Does Size Really Matter?

Dear Savannah,

Please lay to rest, once and for all, the argument that size matters.


David S.

(not the David S. that works in Brighton, East Sussex, but a different one, possibly even a David S. that isn't based in England at all)


Recently, my mailbag has been chock full of messages about organ enlargement. Thirty or forty times a day-ding-ding!-my computer alerts me to new e-mail, and I discover it's a message from some poor soul offering to enlarge my organ, even though I don't own an organ and am, in fact, tone deaf.

Still, it brings up the whole issue of "does size really matter?" On an existential level, I'd have to say, yes, size does matter. Size is what separates us human beings from common dung beetles, for example. If we were the size of dung beetles, we probably never would have put a man on the moon, as putting a man on the top of the local elm tree would have been sufficient, nor would we probably have invented super-sized French fries, as there's no point creating a foodstuff too large to eat.

Certainly, on other levels size also "matters." I've never encountered such a thing as "too large" a martini glass, though I've encountered ones that were "too small." I've also encountered martini glasses whose components were disproportionately sized-a stem too long to grasp firmly and a rim too thick to get the lips over.
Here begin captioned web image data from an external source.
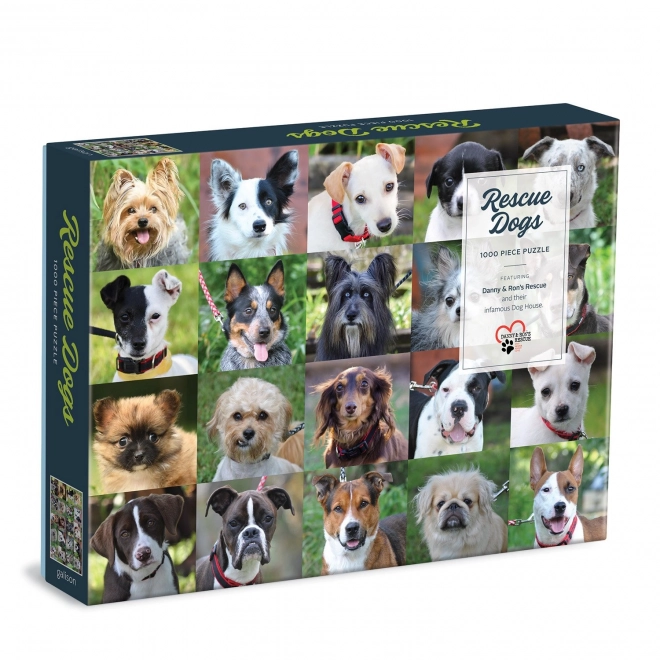 Galison Puzzle Hunde aus dem Tierheim 1000 Teile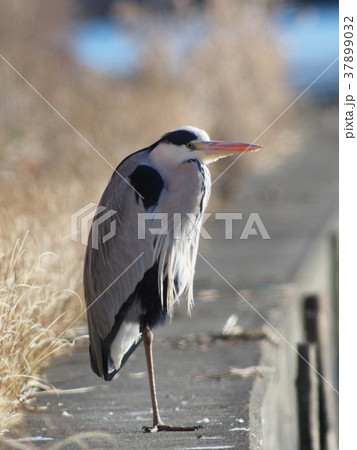 沼地の青鷺 37899032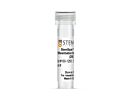 StemSpan™ B Cell Differentiation Supplement 3 (20X)
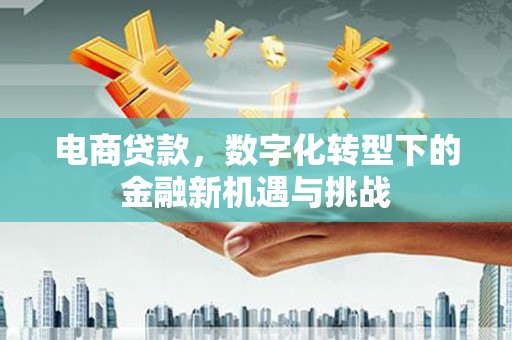 梁山电商贷款，数字化转型下的金融新机遇与挑战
Clearly, if you can't get the liquid into your mouth, then there's a problem. Size obviously matters in this regard.

Furthermore, consider the oak tree. Its massive trunk thrusts skyward. Its broad crotch positively screams, "Climb up and sit on me for a few minutes or even a whole afternoon." Why, many a time I've straddled a thick branch as it sways in the breeze, squeezing it between my thighs and riding it like an untamed stallion.

But I digress.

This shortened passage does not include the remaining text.